Nagaland crisis a diabolic Cong-Church Conspiracy: Swarajya magazine claims

Morung Express News
Dimapur | February 19  

Nagas, who claim to be egalitarian and progressive, should have had no reason to oppose the 33 percent reservation for women in local bodies, but the current unrest was stoked by the opposition Congress and the Church to dislodge the present government, Swarajya, a right-wing weekly magazine maintained in a report last week.  

Titled, “Nagaland Unrest: It’s A Diabolic Congress-Church Conspiracy,” filed on February 7, Jaideep Mazumdar, whom the magazine said writes on “politics, society and many other subjects from North, East and North East India as well as Nepal and Bangladesh,” cited reports by central intelligence agencies that “the protests against women’s reservation have been orchestrated by the Congress, which is still smarting from the mass desertion of all its eight MLAs from the party in November 2015.”  

Swarajya, which was started as ‘conservative’ voice in 1956 under the patronage of C Rajagoplachari “Rajaji,” folded in 1980s but was revived in 2015 and claims to be “an authoritative voice of reason representing the liberal centre-right point of view.”  

“We are trying to build a new young, liberal, Right-of-Centre voice,” Sandipan Deb, an Editorial Director of the magazine had told The Hindu in 2015.  

“The Congress has, traditionally, been close to the Church, and the intelligence agencies believe that the Church co-opted itself into this plot by the Congress to create a crisis in the state and force the Zeliang government to step down,” it further maintained.  

The crisis was created to jeopardise the alliance between the NPF and the Bharatiya Janata Party (BJP, who are part of the ruling Democratic Alliance of Nagaland (DAN), it implied.  

Narrating the chain of events that preceded the current imbroglio in Nagaland, the report augmented its assertion by adding that, “It doesn’t take loads of intelligence to fathom that reservation of seats for women in urban local bodies (like municipalities and town councils) does not encroach upon Naga customary law or the religious and social practices of the Nagas.”

  Accordingly, it alleged that the newly-formed Nagaland Tribes Action Committee (NTAC) leadership was made up “almost entirely of Church elders.” “The Church has never been happy with the NPF joining hands with the BJP and forming an alliance with a party it considers to be a Hindu party.”  

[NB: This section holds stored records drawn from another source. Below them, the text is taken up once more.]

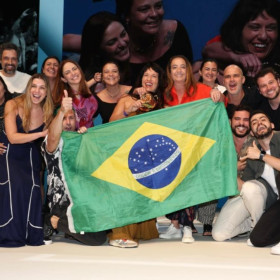 Pague Menos recebe seu primeiro Leão de Ouro no Cannes Lions 2024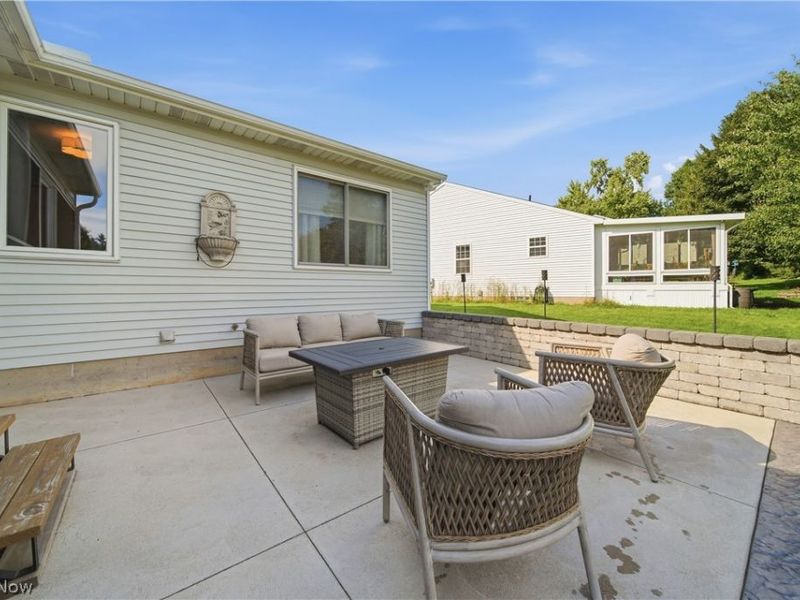 984 Elizabeth Court, Cuyahoga Falls, OH 44221 Photo 30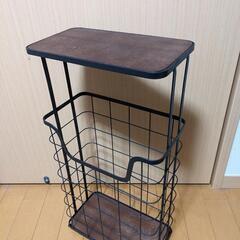 トイレットペーパー収納　上にスマホ置けます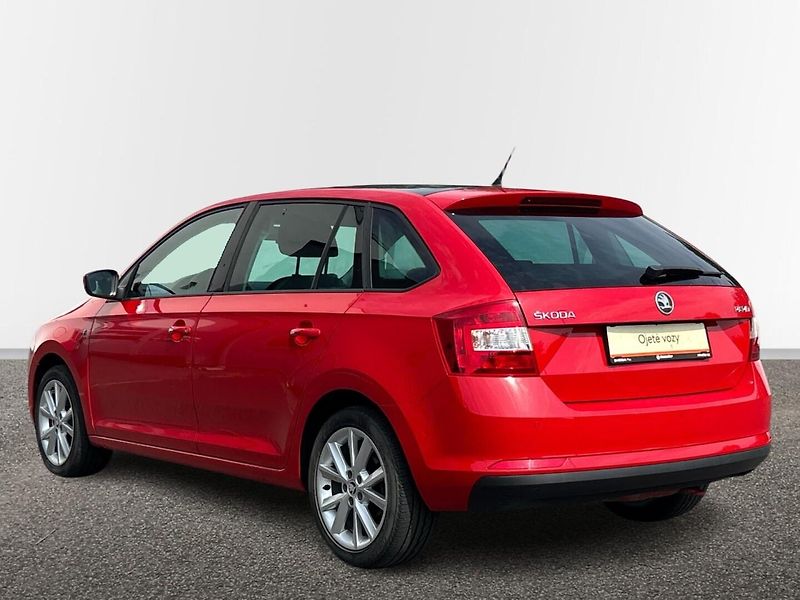 Škoda Rapid ELEGANCE - fotka 15 z 25
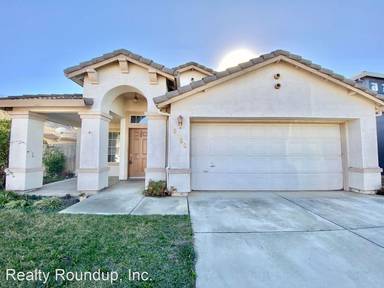 Main picture of 9090 Pembridge Dr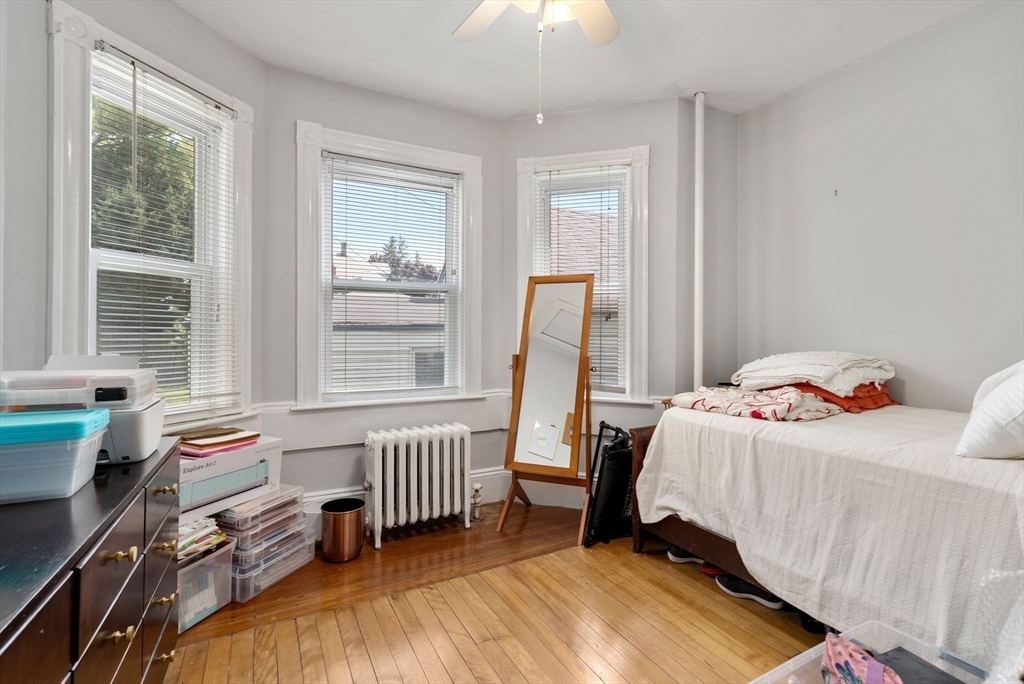 27 Siren St # 1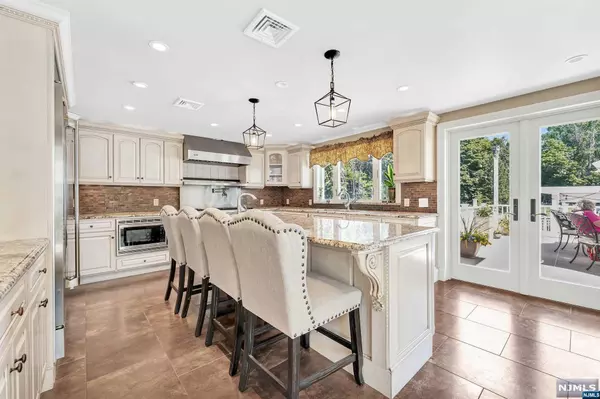 Montville Township, NJ 07045,10 River RD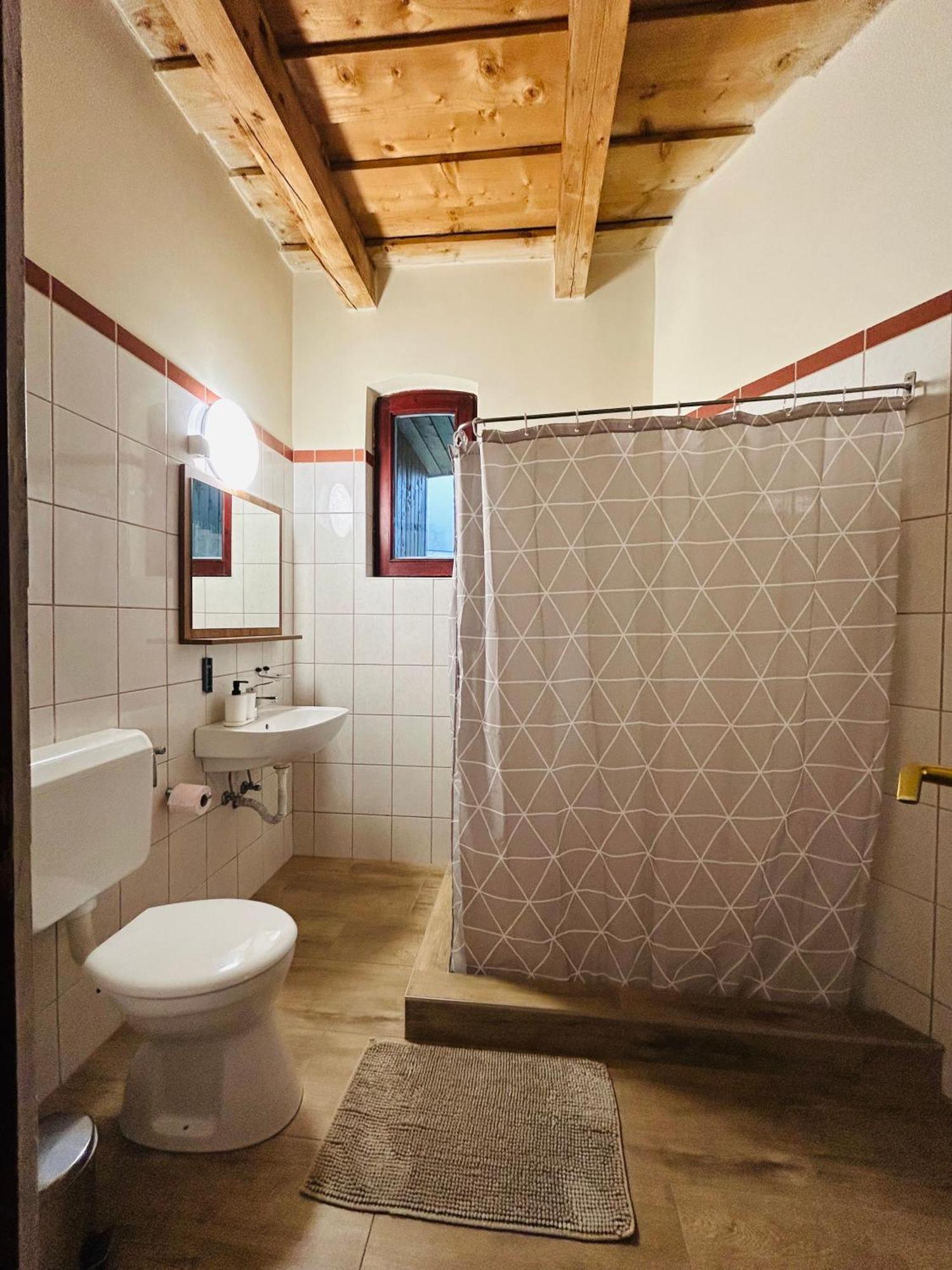 Harmonia Vendeghaz Hotel Miskolc Ngoại thất bức ảnh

The Church is extremely powerful in Nagaland and openly dictates terms to the government, it further stated adding the even the National Socialist Council of Nagalim (NSCN-IM), currently engaged in protracted peace talks with the Government of India, “also fished in troubled waters and took the side of the Church.”  

The NSCN has also been displeased with the NPF for allying with the BJP, it said.   Faced with the continuing belligerence of the NTAC, the state government bent over backwards once again by resolving to approach the Union Government with a request to take Nagaland out of the purview of Part IX A of the Constitution dealing with municipalities and their composition and Article 243 T that makes 33 per cent reservation for women mandatory, it pointed out.  

Unsatisfied, the NTAC has resolved to get the Hohos of different tribes to apply pressure on the MLAs of the respective tribes to resign from the ruling DAN Government, it said.  

Consequently, the report argued that women’s reservation issue was just “a cover for the conspiracy hatched by the Congress in league with the Church” was evident from the fact that the NTAC has been “proclaiming that nothing short of the resignation of the council of ministers would do.”  

The Congress revealed its hand by demanding that not only the government resign, but the assembly also be dissolved and fresh polls held in the state and the Church has “given enough indication, both in private and publicly, that the government ought to meet the NTAC’s demands,” it added.  

The report also quoted anonymous minister that trouble last month-end “was cleverly planned.” “Enough evidence of the Congress and the Church guiding the agitators has emerged. Chief Minister Zeliang and other leaders of the NPF have been meeting powerful clergymen and leaders of the tribal bodies to resolve the issue,” the report further maintained.  

“Some Church leaders have obliquely hinted that the demand for the resignation of the Council of Ministers would be dropped if the NPF snaps links with the BJP and withdraws from the North East Democratic Alliance (NEDA), a non-Congress political group formed by the BJP last year,” it added.  

Thus, the report concluded that it exposes the “Church’s vicious anti-BJP stance” and the "ugly truth" about the Church involving itself in politics in Nagaland.”  

The Congress reduced to an “utter political irrelevance in Nagaland,” has found in the Church a “natural ally to get back into political reckoning,” it added.  

With the event aftermath the report turning into several twist and turns, with the handprint of the Centre quite visible, the magazine’s assertion stands negated. However, the position it took seems to be solely based on its ideological inclination.  

As a media watchdog The Hoot wrote in its analysis that though the magazine claims to be ‘a fiercely independent, big tent of right liberal ideas’ and not ‘politically partisan,’ Swarajya’s tagline of “Read India Right” is an open declaration of its ideological moorings.